Podría ser una hecha nada más que de páginas policiales. Para hacerle acordar a todos los que no nacieron acá, que cada vez que sus medios nos miran es para contarnos los muertos, para pesarnos la sangre, para fotografiar la silueta vacía que dibujaron en el piso. De policiales, que nosotros no estamos para ser noticia de tapa, ni espectáculos, no somos sociedad y apenas zonales.

…esta tierra la vamos haciendo con los que van viniendo, como pasó con ellos, como pasa con todos

Los colores de Bolivia y Paraguay tendría, esos brillos y esos bailes, adoptados, insolentes y con ellos vendrían los silencios de los que juegan a no ver. De los que castigan con prejuicio. De los que ofrecen la espalda. De los que sacan la mano. De los que impiden el alma. El silencio de los que ignoran que un tercio de lo que somos se hizo ahí nomás, del otro lado de la frontera y, militando esa ignorancia, olvidan que ellos, que en su sangre tienen un océano cruzado en barco, son de la misma condición sagrada que repudian.
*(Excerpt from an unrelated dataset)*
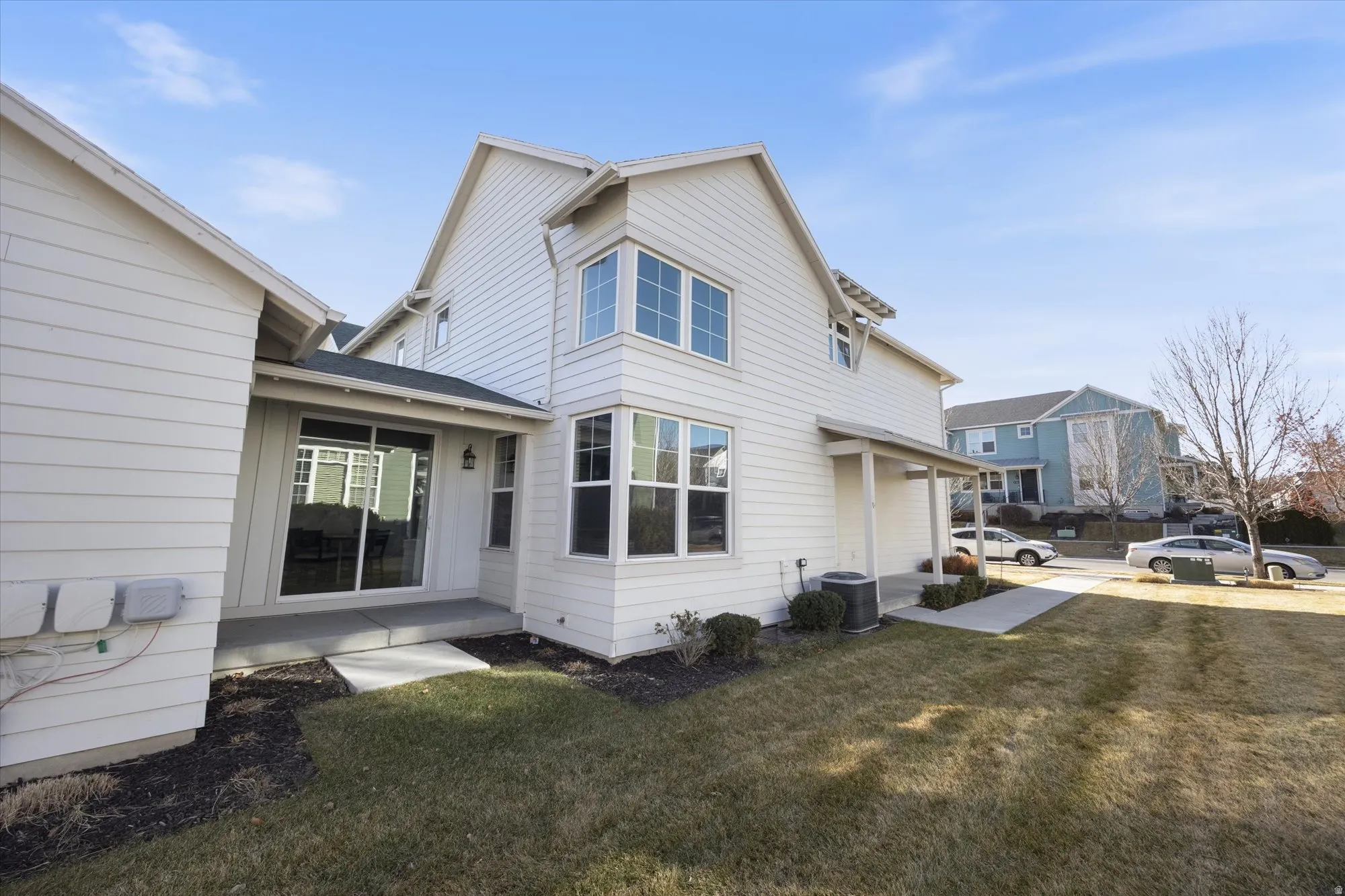 View of side of property featuring a lawn and a central AC unit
De Italia y de España, debería tener también color nuestra bandera, para recordarle al hijo de García y al nieto de Gentile, que esta tierra la vamos haciendo con los que van viniendo, como pasó con ellos, como pasa con todos, porque tu Patria es la que elegís, la que cuidás y te cuida.
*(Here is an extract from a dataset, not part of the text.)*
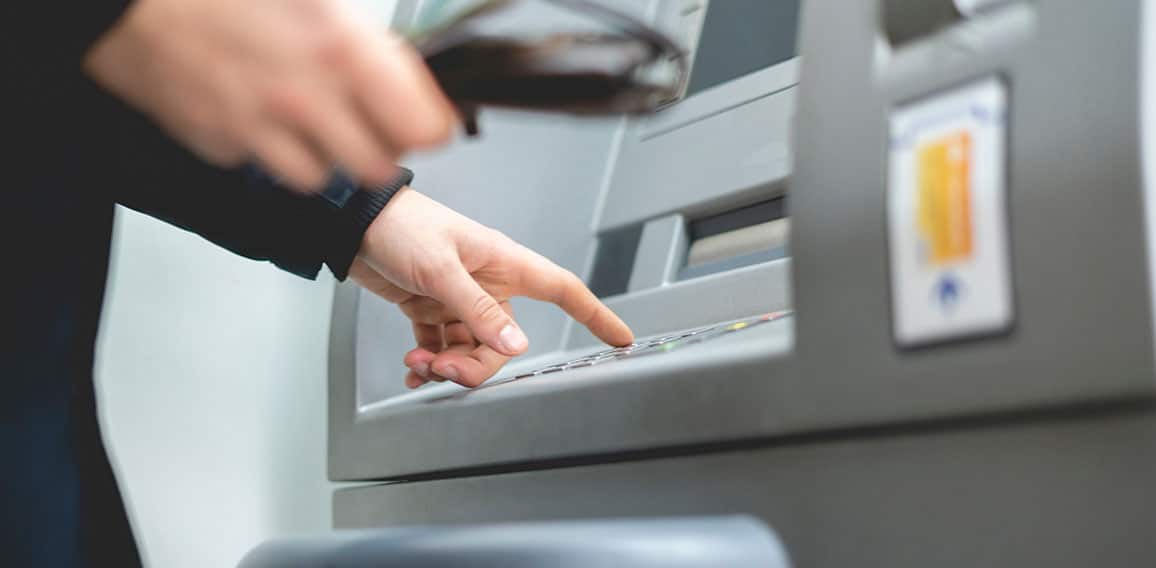 persons hand insert card in cash dispenser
Así, a lo Xul Xolar, bandera hecha de banderas, de retazos, mal cosida, desafiante, incompleta, por hacerse. O invisible. Qué alguien diga “ahí está la bandera del Conurbano” y nadie la vea.  Para que los cara sepan que a los ceca ni nos registran. El ninguneo de nuestra historia. El enmudecido sacrificio que no merece la pluma ni siquiera de aquellos que se ocupan de pensar la identidad nacional. No está ahí la maestra, ni el enfermero, la abogada hija de herrero, ni el doctor que se alimentó salteado, compartiendo olla entre cinco hermanos. No están los festejos porque llegó el asfalto, ni como se pone el barrio el sábado siete, cuando muchos cobraron y la van a dejar toda, en lo que les quede al alcance de la mano.

Invisible, como somos para aquellos que cada vez que se acuerdan de este 25%  de los argentinos, se refieren al Conurbano como un accidente, como una imposibilidad de prosperidad o como la vergüenza de la patria.

Ni nombrados somos de tan invisibles. La de Córdoba la defienden los cordobeses, como los franceses a la tricolor. Pero si naciste en el Conurbano, ni tenés gentilicio, no te pueden llamar ni a formar, que bandera vas a defender si no podés decir que sos ¿Conurbanio? ¿Conurbanero? ¿Conurvino? No. Si no te pueden nombrar, no sos.

Quizás nuestra bandera sea poder llamarnos de alguna forma. Un grito que nos funde y nos funda. Algo más allá del azar o el accidente. Una hermandad superadora entre lomenses, lanusenses, matanceros y echeverrianos. Un nombre que se haga bandera. Que, como otros nombres sagrados, desde los jirones nos conduzcan a la victoria. Mientras tanto, y aunque pese, elegimos azul y blanca, porque creemos en lo celeste y lo terrestre y entendemos que, mientras nos ilumine el mismo sol, nosotros no somos los otros de nadie.